• Exercise data:
· · · · ·
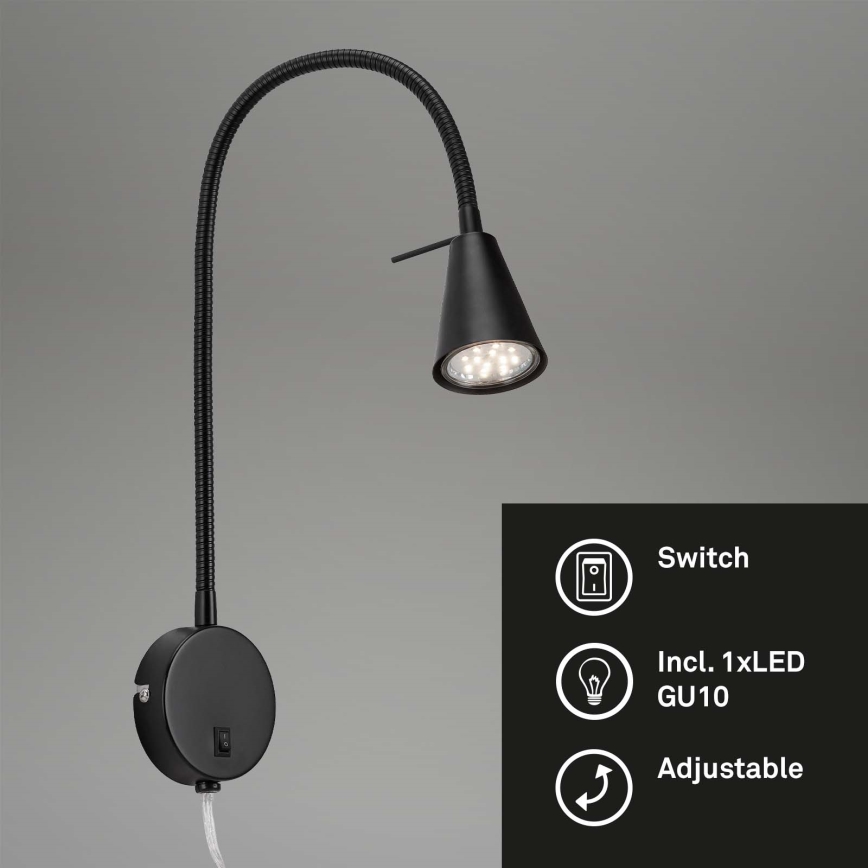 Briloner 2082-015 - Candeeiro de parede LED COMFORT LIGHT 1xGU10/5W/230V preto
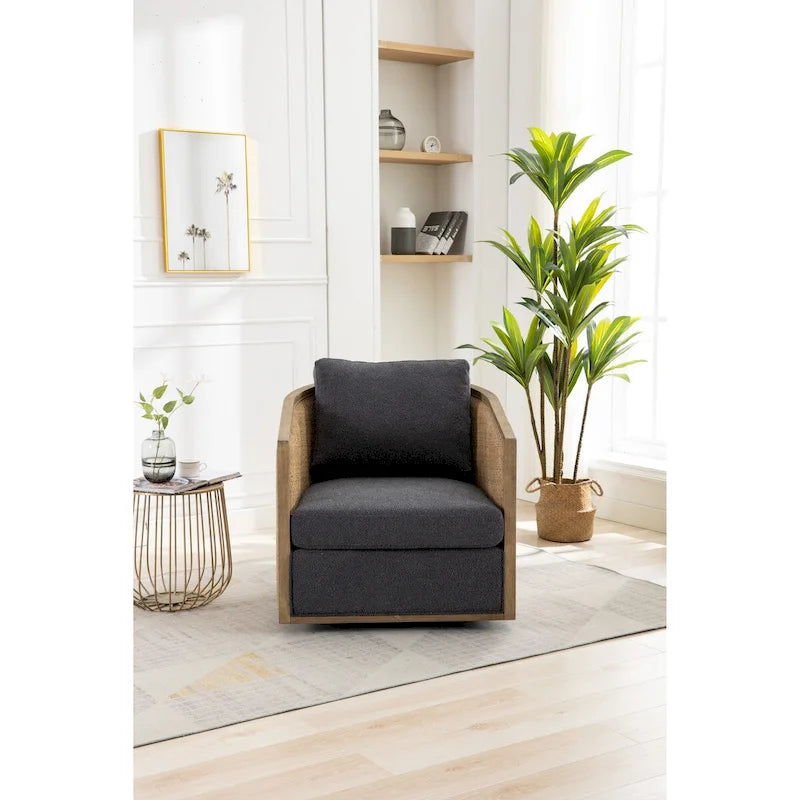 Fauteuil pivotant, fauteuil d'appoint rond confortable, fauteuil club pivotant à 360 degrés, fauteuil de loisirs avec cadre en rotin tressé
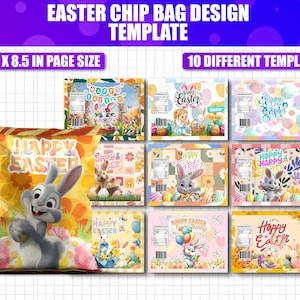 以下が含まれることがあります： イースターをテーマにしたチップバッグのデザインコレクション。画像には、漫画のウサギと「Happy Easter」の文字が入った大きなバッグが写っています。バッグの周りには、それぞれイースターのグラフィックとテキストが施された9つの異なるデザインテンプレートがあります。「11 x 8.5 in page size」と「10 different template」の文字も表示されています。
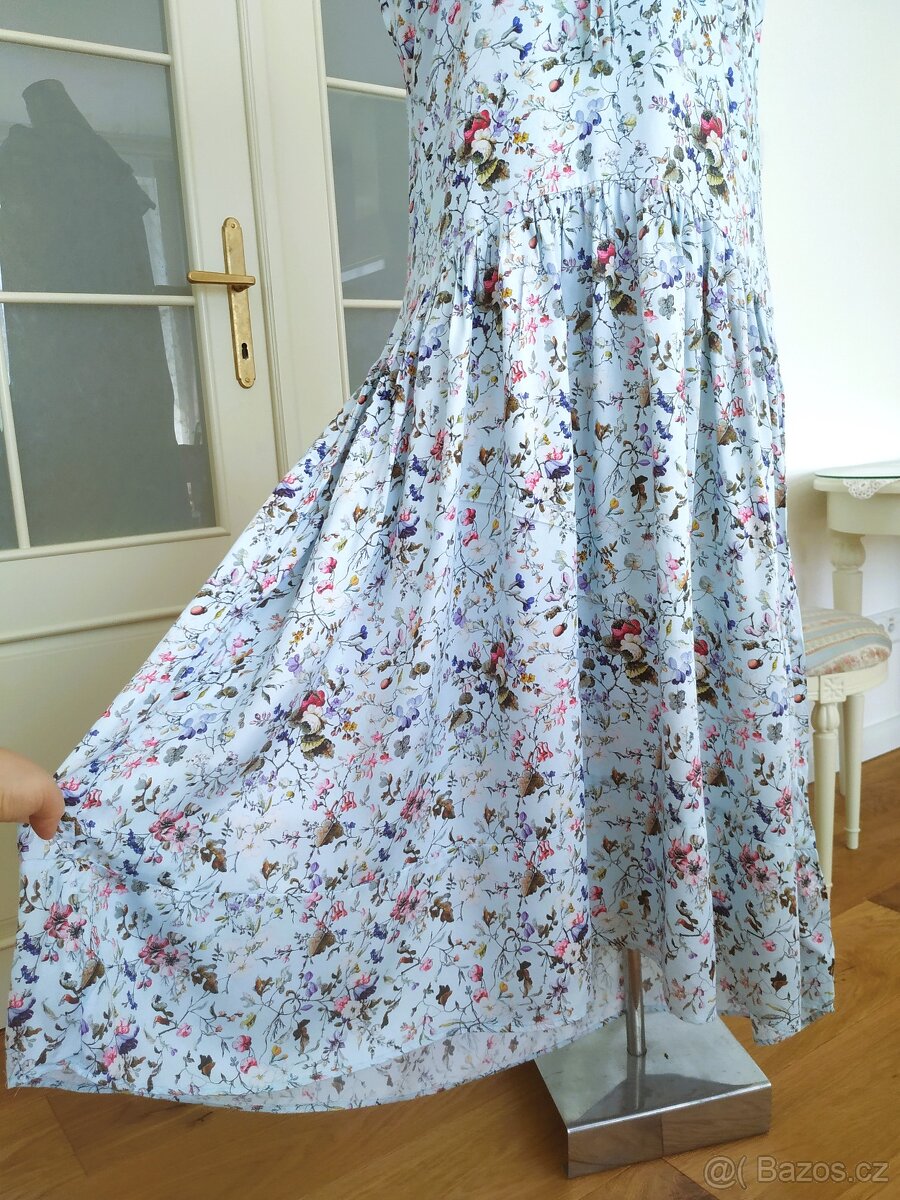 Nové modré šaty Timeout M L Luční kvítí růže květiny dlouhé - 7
· · · · ·
• Exercise details:
The lines to copy run from the line containing "size」と「10 different template」の文字も表示されています。" through the end of the data above; copy exactly those, minus the pictures.

• Exercise result:
 以下が含まれることがあります： イースターをテーマにしたチップバッグのデザインコレクション。画像には、漫画のウサギと「Happy Easter」の文字が入った大きなバッグが写っています。バッグの周りには、それぞれイースターのグラフィックとテキストが施された9つの異なるデザインテンプレートがあります。「11 x 8.5 in page size」と「10 different template」の文字も表示されています。
 Nové modré šaty Timeout M L Luční kvítí růže květiny dlouhé - 7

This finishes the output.